▶ _Description of the task_: Keep the lines exact and the pictures out as you repeat the following listing.

▶ _Source data_:
....

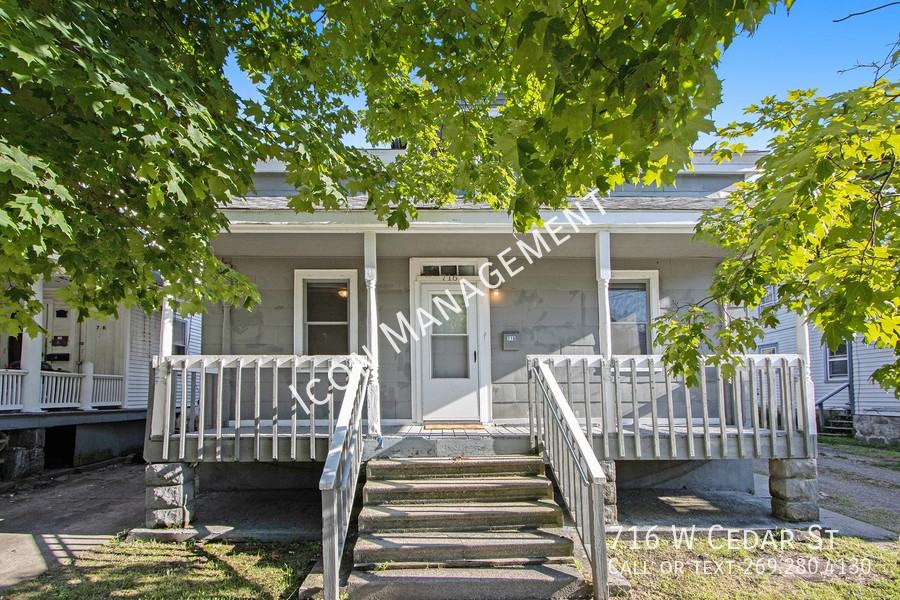 716 W Cedar St #716WCEDARS - Photo 2 of 16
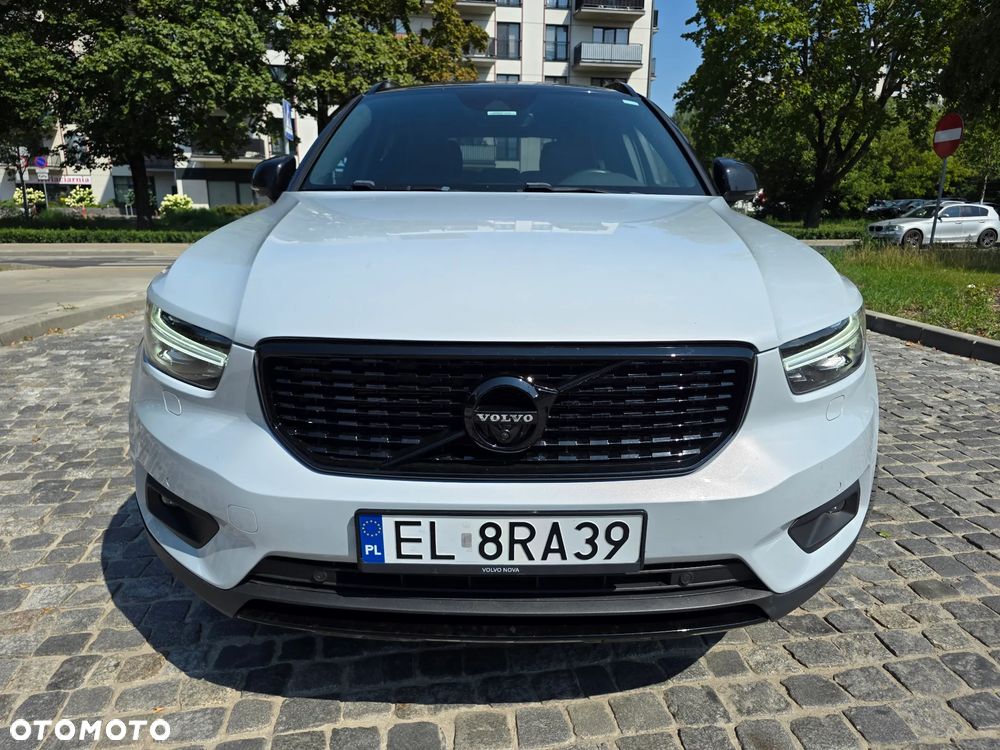 Volvo XC 40 T5 AWD R-Design - 2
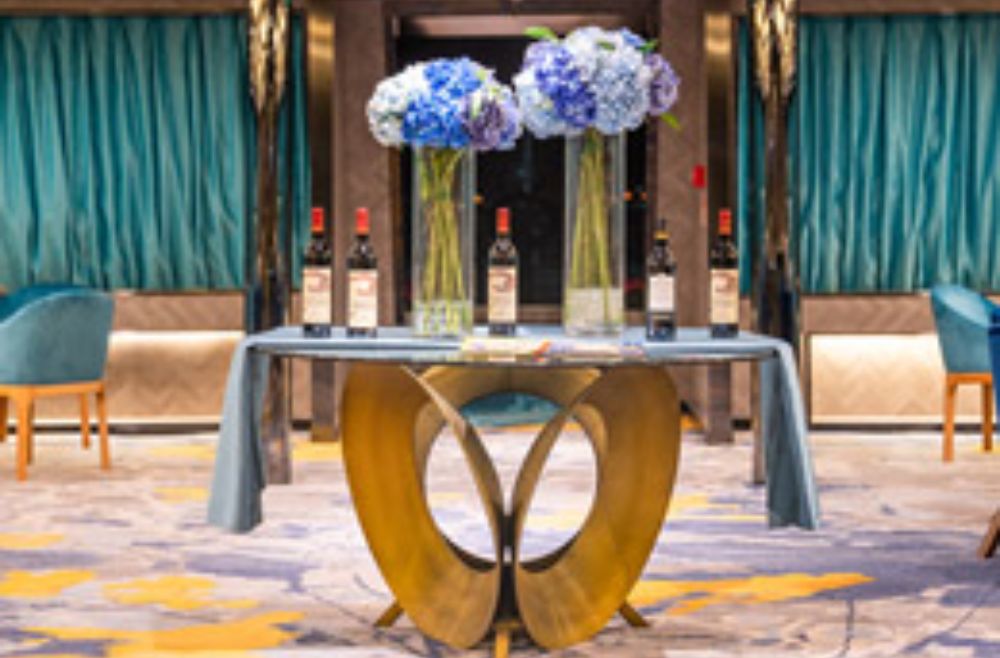 Executive Lounge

....

▶ _Problem solution_:
 716 W Cedar St #716WCEDARS - Photo 2 of 16
 Volvo XC 40 T5 AWD R-Design - 2
 Executive Lounge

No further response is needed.